Australia’s highest-circulating daily paper, the Herald Sun, has been brought to heel for lazy and biased journalism after SSAA Victoria took a stand against the paper’s attack on reputable firearms organisations in a story last year.
The Australian Press Council found the Herald Sun had published misleading material without reasonable fairness or balance and had not taken steps to provide adequate remedial action, contravening three of the General Principles in its Standards of Practice.
The action relates to a story published by the Herald Sun in June last year, which painted the firearms organisations and the firearms industry as social media “trolls” and sinister recruiters of “disaffected young men” in print and online.
“The story was an outright attack on all firearms users and the organisations and industry that support them,” said SSAA Victoria CEO Jack Wegman.
“Sadly, this level of bias against gun owners is all too regular, but we have now shown that we don’t have to stand for it and that the Australian Press Council and other media regulators are there to protect us from this level of bias.”
In what was a prime example of lazy and biased journalism, the story was built on parts of a broader interview for a profile piece on Alannah and Madeline Foundation CEO and anti-gun advocate Lesley Podesta.
In that interview Podesta complained that the AMF had been targeted by “gun-lobby bullies” and that her staff had to receive counselling after “aggressive trolling from the firearms lobby” resulting from its opposition to the importation of the Adler 110 shotgun.
This was turned into a news story written by experienced writer Wendy Touhy who on several occasions used the phrase “the gun lobby” to describe people who had abused AMF staff.
This phrase clearly implied any organisation which advocates on firearms issues.
SSAA Victoria, as the State’s biggest firearm-owner organisation which advocates on firearms issues, took exception to the fact that it had been implicated in this story, that no balancing comments were sought nor was there any attempt to investigate the veracity of Podesta’s statements.
Instead the Herald Sun took Podesta’s word for it and gave her a platform to malign our organisation and other reputable shooting bodies, as well as the industry.
SSAA Victoria immediately filed an official complaint with the Australian Press Council, which held an Adjudication Panel hearing in February this year. It was chaired by the Council’s Vice-Chair the Hon John Doyle AC and was attended by other members of the council and APC executive. News Corp Australia business manager Tom Salom represented the Herald Sun.
We argued in the hearing that the sweeping statements about “the gun lobby” in the article could easily be construed as SSAA Victoria or any other reputable organisation representing the interests of firearms users.

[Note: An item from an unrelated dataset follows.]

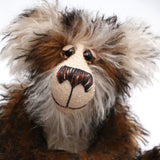 Russel Ruffletoff is a charming and handsome, one of a kind, artist bear by Barbara-Ann Bears in wonderful fluffy tipped mohair Russel Ruffletoff stands 11.5 inches(29 cm) tall and is 9 inches(23 cm) sitting.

We said that the comments of a few individuals should not be presented as the views of the broader firearms community nor the reputable organisations which represent them.
The APC Adjudication Panel agreed and after some weeks of deliberation, handed down its final ruling that the Herald Sun had breached General Principle 1. “As the misleading aspects of the article were not addressed by a correction or other adequate remedial action, the publication breached General Principle 2.
“The council also considered that the failure to seek a response or comment from any organisation or body in the gun lobby, firearms lobby or the gun industry amounted to a failure to take reasonable steps to ensure the article was presented with reasonable fairness and balance. Accordingly, the publication breached General Principle 3.”
“This is a great result,” Mr Wegman said.
“Nearly every week we see in the media biased, hysterical and irrational attacks on firearms, firearms users and the industry that supports them.
“It has gotten to the point where common sense no longer informs conversation around firearms, as demonstrated by the situation in Tasmania where very reasonable and sensible adjustments to firearms regulations have been attacked by hysterical and irrational anti-gun groups.
“What’s more, these people rely on media bias such as that displayed by the Herald Sun to scare people into donating money to them.
“Hopefully this ruling will send a clear message that we are watching and will continue to jump on these types of attacks on the shooting sports.”